SUPPLIED DATA:

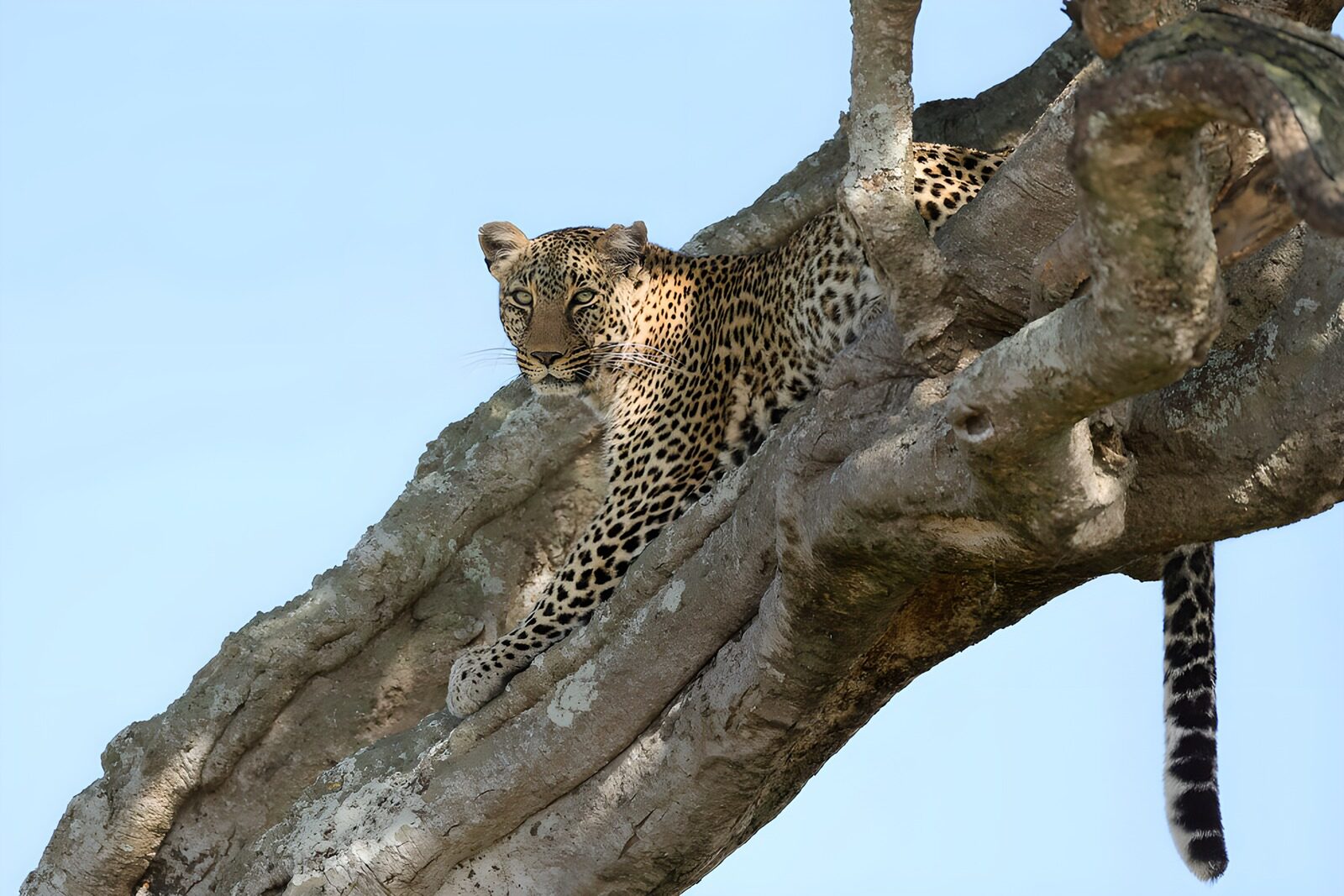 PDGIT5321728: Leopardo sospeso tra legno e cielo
---
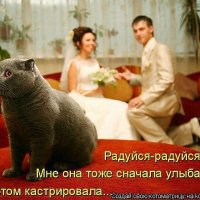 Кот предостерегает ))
--
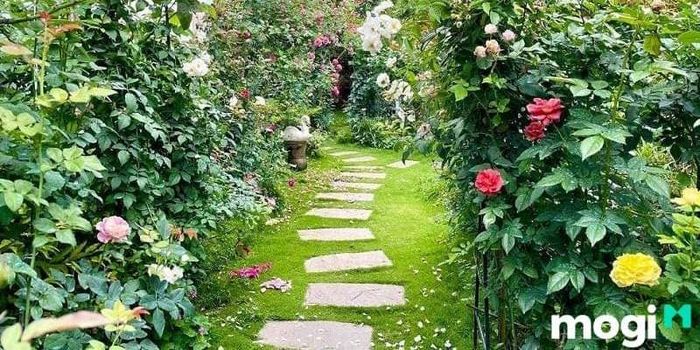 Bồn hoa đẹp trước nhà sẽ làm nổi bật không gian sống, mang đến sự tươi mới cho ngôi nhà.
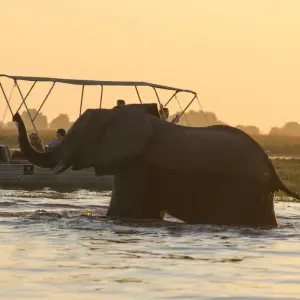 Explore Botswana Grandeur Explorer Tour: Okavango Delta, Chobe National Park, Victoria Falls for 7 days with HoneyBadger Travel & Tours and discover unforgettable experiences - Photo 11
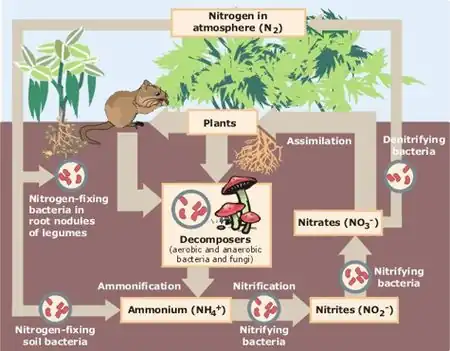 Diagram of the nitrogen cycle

WORK REQUIRED: What is needed is an exact copy of the lines above, from the one holding "Explore Botswana Grandeur" down to the one holding "Diagram of the nitrogen cycle", with those two included and the pictures left out.

RESPONSE:
 Explore Botswana Grandeur Explorer Tour: Okavango Delta, Chobe National Park, Victoria Falls for 7 days with HoneyBadger Travel & Tours and discover unforgettable experiences - Photo 11
 Diagram of the nitrogen cycle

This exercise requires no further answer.